Congress and the Opioid Crisis

In April 2016, Congress stripped the Drug Enforcement Administration (DEA) of the ability to freeze suspicious shipments of narcotics, which resulted in prescription painkillers to fill the nation’s streets during the deadliest drug epidemic in United States history, according to an investigation done by “60 Minutes” and The Washington Post.

A few members of Congress, with the help and influence of some of the top drug distributors, dealt a blow to the DEA and the Justice Department by putting in place a law that greatly favors the industry while undermining drug enforcement efforts related to painkillers. With more than 200,000 lives claimed by opioids, and the number continuing to rise, the DEA strongly opposed the effort.

In the past, drug distributors received fines for ignoring DEA warnings, which asked them to shut down sales of prescription painkillers that were deemed suspicious, all while the companies profited billions of dollars from the sales.

The new industry-friendly law from Congress makes it essentially impossible for the DEA to freeze suspicious shipments from distributors, stripping the agency of the best tool to immediately prevent drugs from reaching the street.

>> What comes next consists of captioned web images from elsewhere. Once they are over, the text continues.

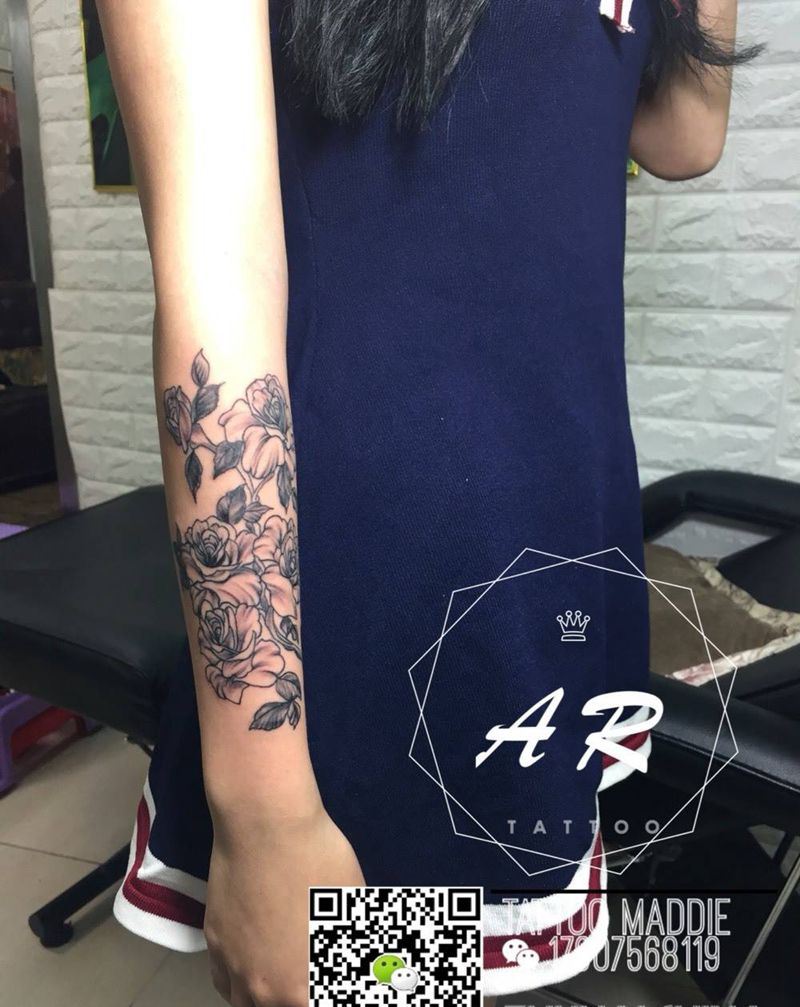 小臂玫瑰纹身图片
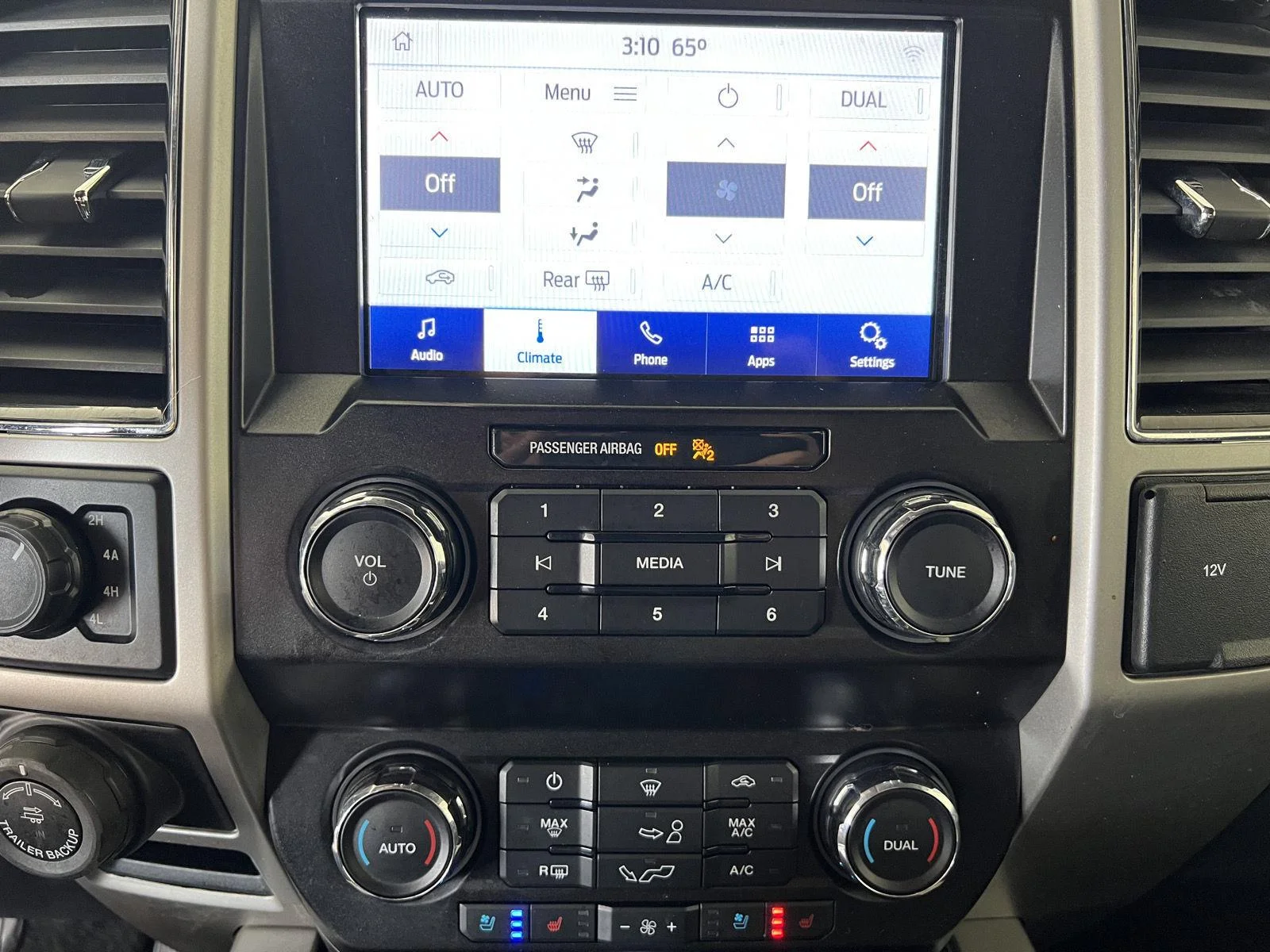 Used 2020  Ford XL image 16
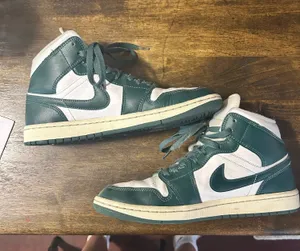 Green Nike Jordan 1 Pine Air Retro thumbnail 1
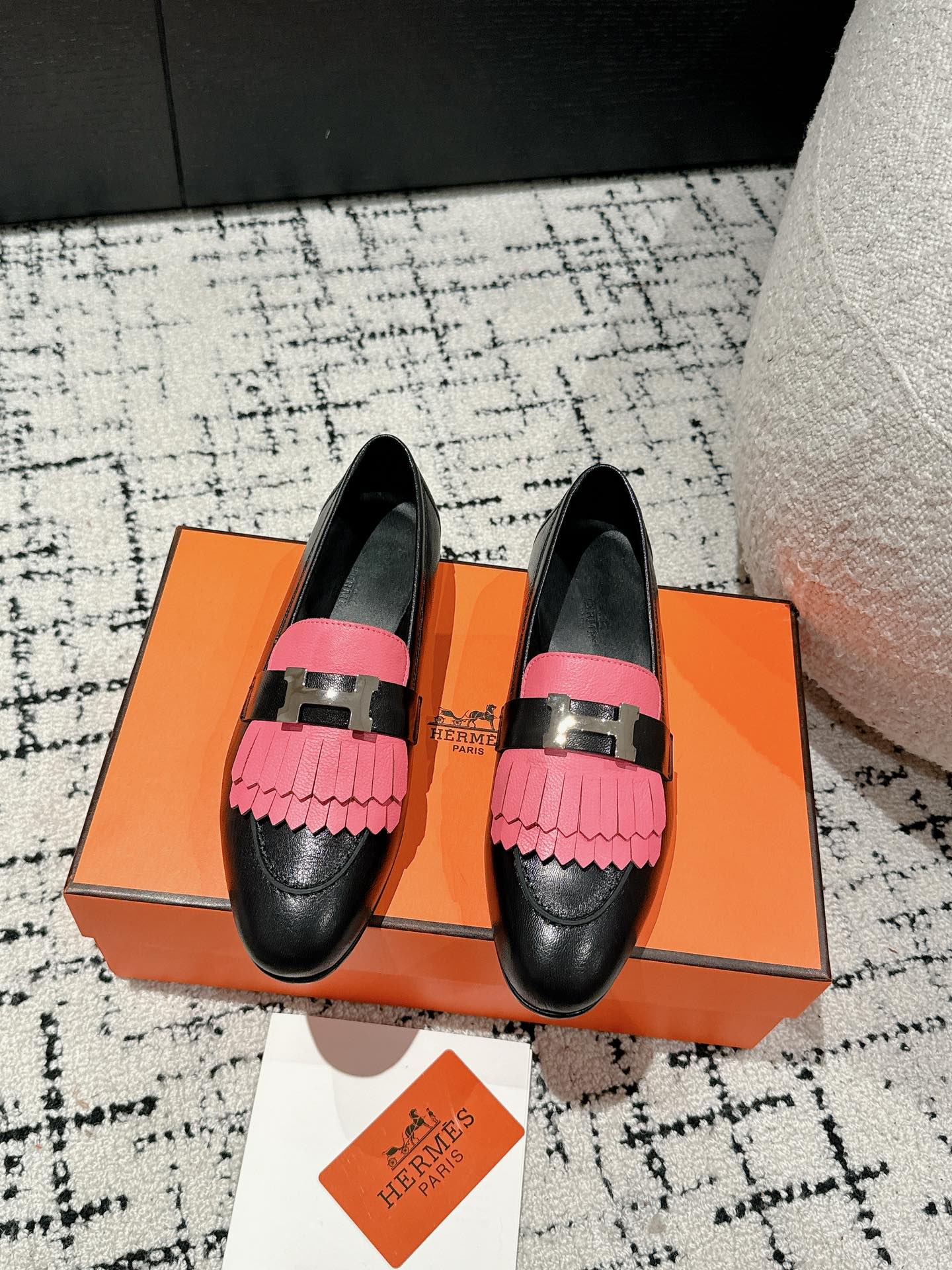 HERMES 00989 HERMES 00989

The leading advocate and architect of the law was Rep. Tom Marino (R-PA), who is President Trump’s nominee to lead the Office of National Drug Control Policy. Sen. Orrin Hatch (R-UT) was key to the legislation passing after negotiating a final version with the DEA.

The pharmaceutical industry has been working for years on a lobbying and funding campaign on Capitol Hill to weaken DEA enforcement efforts against drug distributors that were supplying narcotics with little to no regulation. Significant industry players worked with lobbyists and key members of Congress and spent millions of dollars in election campaigns.

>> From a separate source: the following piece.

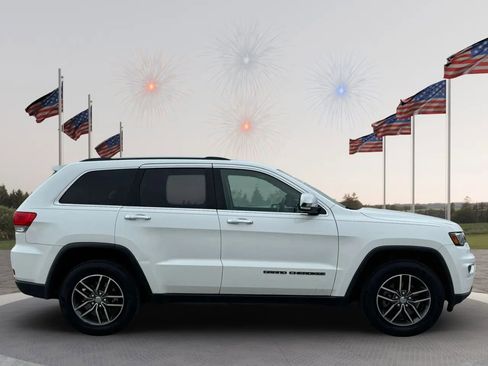 Used 2017 Jeep Grand Cherokee Limited w/ Luxury Group II image 4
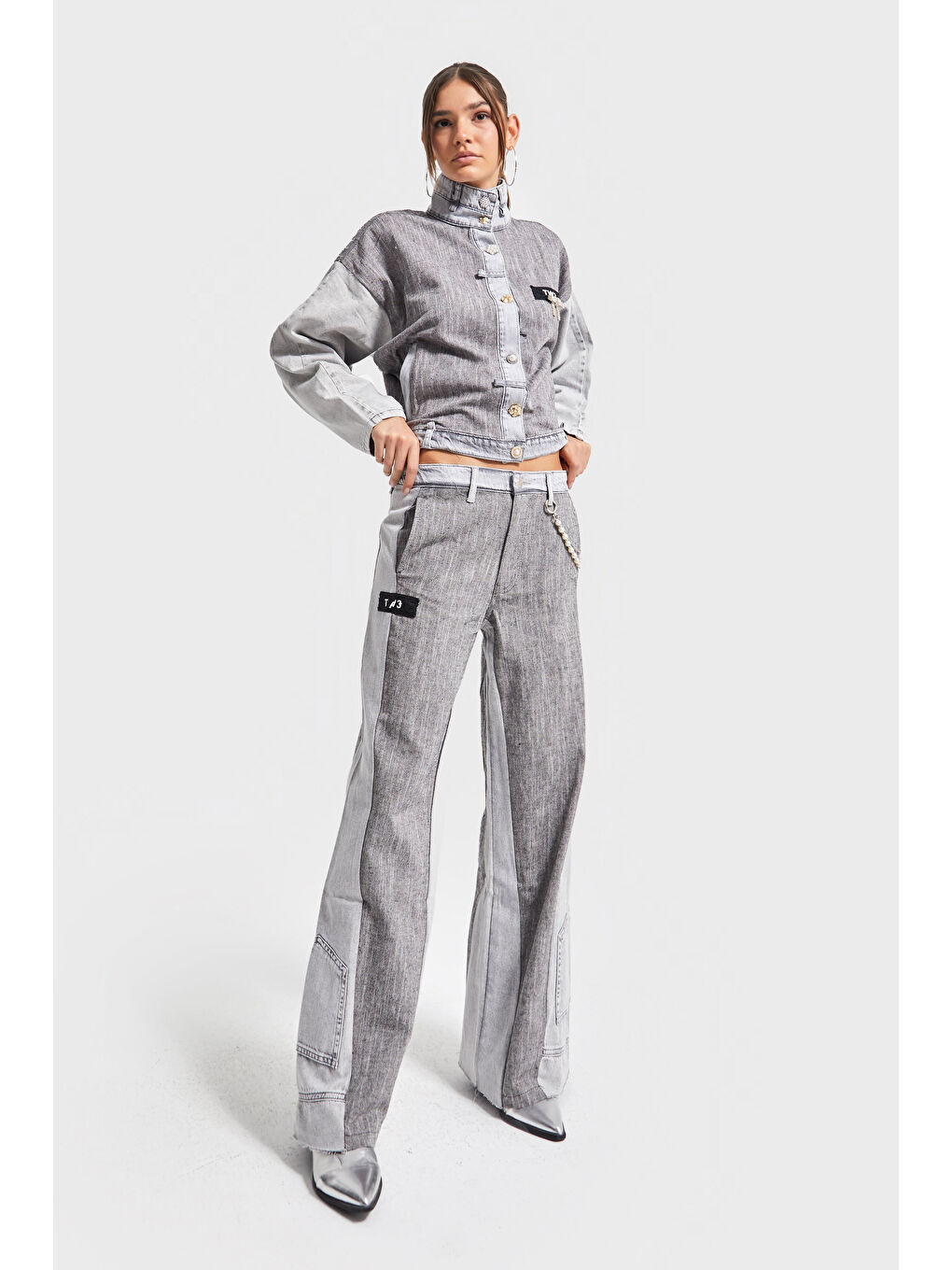 Kadın Gri Renk Kumaş ve Denim Parçalı Aksesuar Detaylı Özel Tasarım Pantolon-3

Pharmaceutical political action committees contributed over $1.5 million to the 23 Congressional members that sponsored or co-sponsored the bill, with nearly $100,000 going to Marino and $177,000 to Hatch. The industry spent $102 million in lobbying efforts for the bill and other legislation between 2014 and 2016.

“The drug industry, the manufacturers, wholesalers, distributors and chain drugstores, have an influence over Congress that has never been seen before,” Joseph T. Rannazzisi, who ran the DEA division responsible for regulating the drug industry, said in a statement to The Washington Post. “I mean, to get Congress to pass a bill to protect their interests in the height of an opioid epidemic just shows me how much influence they have.”